People are relocating across city, state and country more now than ever with opportunities to work remotely still prevalent for many workers.
Jimmy Burgess | Berkshire Hathaway HomeServices
Agents who have strong connections with other agents in different markets stand to benefit the most from individuals and families making a move like this.
Send them notes in the mail, and offer higher-than-normal referral fees for agents who are willing to refer their clients moving to your area to you,” Inman Contributor Jimmy Burgess says.
For sale by owner (FSBO) listings can have a tough time with marketing because they simply don’t have access to a lot of the resources that real estate agents do. This can lead to a longer time on market and discouragement, making these sellers good lead prospects.
Chris Jones | Guerilla Realty
Chris Jones, a co-founder of Guerilla Realty, recommends approaching FSBOs on behalf of one of your current buyers and asking to take a video tour of the property for the buyer’s reference, then showing the seller how well the video turned out, and using it as an introduction to your services.
Guerilla Realty has also created a free app called Fizbonanza!, currently still in beta, that allows users to search FSBO data in their market by signing up with an email address.
The pandemic has worn down landlords, many of whom were not receiving full rent payments for months (and continue to wait for rent assistance payments to be disbursed), while also being unable to evict tenants who couldn’t pay due to COVID, until recently when the federal eviction moratorium expired.

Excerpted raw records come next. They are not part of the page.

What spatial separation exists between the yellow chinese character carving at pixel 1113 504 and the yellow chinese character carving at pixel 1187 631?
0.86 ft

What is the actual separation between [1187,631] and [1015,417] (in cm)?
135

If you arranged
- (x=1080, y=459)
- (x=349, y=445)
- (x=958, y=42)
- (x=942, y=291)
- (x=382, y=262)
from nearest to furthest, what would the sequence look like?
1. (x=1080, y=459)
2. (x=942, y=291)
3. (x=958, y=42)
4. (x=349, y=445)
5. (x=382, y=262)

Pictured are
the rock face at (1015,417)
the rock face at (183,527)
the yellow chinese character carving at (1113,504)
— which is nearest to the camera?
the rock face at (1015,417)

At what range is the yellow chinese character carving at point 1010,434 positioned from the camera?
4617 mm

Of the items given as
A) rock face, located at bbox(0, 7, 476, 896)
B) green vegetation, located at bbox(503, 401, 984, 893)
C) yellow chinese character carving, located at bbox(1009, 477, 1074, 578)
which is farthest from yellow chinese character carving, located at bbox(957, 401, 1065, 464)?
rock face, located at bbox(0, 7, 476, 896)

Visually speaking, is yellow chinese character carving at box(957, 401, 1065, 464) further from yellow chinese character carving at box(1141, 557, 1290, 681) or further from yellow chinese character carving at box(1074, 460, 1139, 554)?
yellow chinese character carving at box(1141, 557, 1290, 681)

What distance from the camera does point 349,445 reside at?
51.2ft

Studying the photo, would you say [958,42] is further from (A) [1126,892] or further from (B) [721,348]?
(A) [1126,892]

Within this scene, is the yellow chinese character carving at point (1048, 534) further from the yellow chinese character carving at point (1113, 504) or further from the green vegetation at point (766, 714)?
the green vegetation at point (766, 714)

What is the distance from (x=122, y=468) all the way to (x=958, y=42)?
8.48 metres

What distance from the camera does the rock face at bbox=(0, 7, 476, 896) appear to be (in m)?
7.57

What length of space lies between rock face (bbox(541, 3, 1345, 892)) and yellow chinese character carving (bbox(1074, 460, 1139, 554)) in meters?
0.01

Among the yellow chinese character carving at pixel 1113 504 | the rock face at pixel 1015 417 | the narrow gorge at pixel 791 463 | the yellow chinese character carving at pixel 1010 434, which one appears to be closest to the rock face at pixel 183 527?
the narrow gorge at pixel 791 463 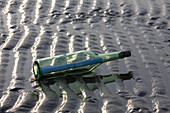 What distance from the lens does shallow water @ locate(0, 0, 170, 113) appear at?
8.71 feet

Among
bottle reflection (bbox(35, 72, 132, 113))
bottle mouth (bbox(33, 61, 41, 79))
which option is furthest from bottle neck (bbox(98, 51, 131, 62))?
bottle mouth (bbox(33, 61, 41, 79))

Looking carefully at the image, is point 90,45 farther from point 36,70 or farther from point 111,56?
point 36,70

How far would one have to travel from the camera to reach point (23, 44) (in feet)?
11.9

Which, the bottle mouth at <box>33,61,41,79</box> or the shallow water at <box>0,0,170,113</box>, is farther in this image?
the bottle mouth at <box>33,61,41,79</box>

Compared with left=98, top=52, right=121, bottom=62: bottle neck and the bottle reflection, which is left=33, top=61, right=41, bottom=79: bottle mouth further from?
left=98, top=52, right=121, bottom=62: bottle neck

Some landlords have already cashed out on their investment, and others might just need the right argument from the right real estate agent to do so. Home prices are still at record highs, so it’s a great time to sell, and also be rid of some of the headaches associated with property management.

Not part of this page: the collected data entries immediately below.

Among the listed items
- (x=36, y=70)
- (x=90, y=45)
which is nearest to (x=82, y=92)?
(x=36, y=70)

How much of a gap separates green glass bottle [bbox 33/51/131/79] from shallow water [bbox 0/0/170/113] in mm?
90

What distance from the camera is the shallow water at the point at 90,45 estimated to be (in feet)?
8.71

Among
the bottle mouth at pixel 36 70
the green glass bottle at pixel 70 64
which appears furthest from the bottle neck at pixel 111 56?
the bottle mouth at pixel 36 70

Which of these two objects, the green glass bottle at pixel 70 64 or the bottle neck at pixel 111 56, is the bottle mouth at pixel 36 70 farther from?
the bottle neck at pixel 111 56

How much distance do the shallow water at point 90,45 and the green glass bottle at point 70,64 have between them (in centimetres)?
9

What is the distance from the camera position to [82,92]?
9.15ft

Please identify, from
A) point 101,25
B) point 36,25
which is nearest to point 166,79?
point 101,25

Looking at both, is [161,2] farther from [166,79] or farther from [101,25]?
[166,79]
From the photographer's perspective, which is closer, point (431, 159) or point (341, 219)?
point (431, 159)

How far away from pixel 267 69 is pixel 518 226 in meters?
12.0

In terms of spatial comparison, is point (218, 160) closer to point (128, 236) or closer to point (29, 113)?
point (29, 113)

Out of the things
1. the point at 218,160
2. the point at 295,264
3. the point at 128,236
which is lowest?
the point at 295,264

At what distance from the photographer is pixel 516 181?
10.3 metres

When people go throw a major life change, it often means their living situation needs to change shortly thereafter. One or both parties involved in a divorce will need a new place to live, couples who get married, likewise, will likely want to start their life together in a new place.

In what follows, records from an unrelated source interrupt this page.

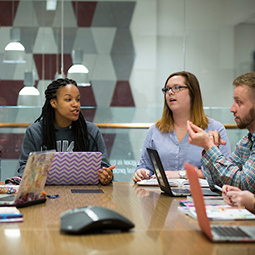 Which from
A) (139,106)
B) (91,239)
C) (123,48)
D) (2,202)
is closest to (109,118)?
(139,106)

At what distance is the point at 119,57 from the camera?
501cm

Couples about to have children and those whose children have grown into adults will either need more or less space, depending on the circumstances. Keeping in touch with people whose family dynamics are in flux can be a helpful way to gain new clients and offer expertise to people who can probably use an extra hand.
Agents who live near their college, high school, or primary school alma mater should be sure to introduce themselves to the school’s administration. Let them know all the great ways in which you help your current clients, and the ways in which you can help their future faculty and staff find the perfect home.
Colleges, in particular, can get swaths of new faculty every year coming in from near and far, even internationally, and those faculty will welcome any leads on an expert who can help them find a place to live.